Surpreender figuras a entrar e a sair do ecrã, como Alice no espelho, tornou-se uma banalidade com trejeitos pós-modernos: porosidade das fronteiras, fragmentação das personagens, instabilidade do espaço-tempo… Será que este contrabando, para dentro e para fora das margens, já existia no passado, digamos, há mais de seiscentos anos? Atente-se nestas duas imagens retiradas do Livro de Salmos de Franconia (Alemanha, cerca de 1250). A moldura pintada é, em ambas, ultrapassada. Num caso, pelo pé de Cristo, no outro, pelas orelhas do burro. Este “desrespeito dos limites” era prática corrente, entre outras razões, pelo efeito logrado: um efeito de volume.

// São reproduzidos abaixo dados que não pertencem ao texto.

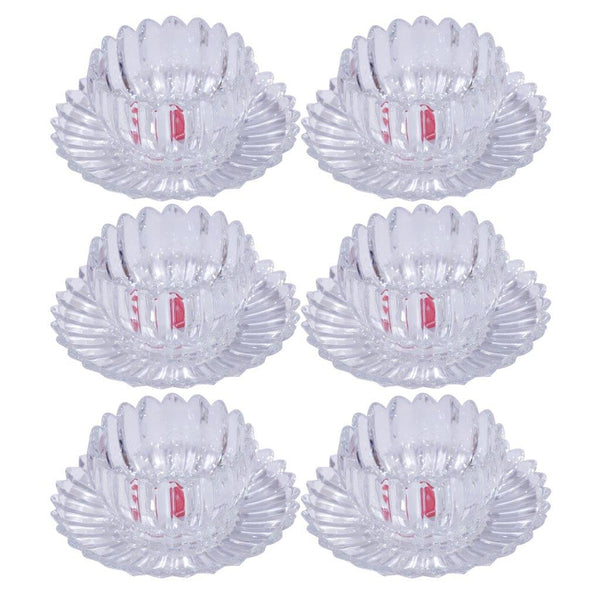 Crystal Glass Champagne Ice Cream and Dessert Bowl with Saucer Set of 12 Pcs 243 ml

Livro de Salmos de Franconia, Alemanha, ca. 1250.

Livro de Salmos de Franconia, Alemanha, ca. 1250.

Particularmente complexa e estranha, resulta esta imagem de fundo de página do Livro de Salmos de Luttrell (Inglaterra, ca. 1320-1240). Remete para a Ceia de Cristo. No centro da mesa, a pessoa que encomendou o livro bebe o cálice. Ele é o centro das atenções. Mas o que intriga é a percepção de que a mesa e os sete comensais configuram um quadro. Não se lhes vê, por exemplo, as pernas. Tal como nas imagens anteriores, há uma parte que transborda da moldura: o cotovelo do monge. Mas o que é realmente perturbador é que tudo se passa como se as pessoas que estão no interior do quadro estejam a ser servidas por criados que estão no seu exterior. Nada que Escher não compreenda.

Livro de Salmos de Luttrell, Inglaterra, ca. 1320-1240.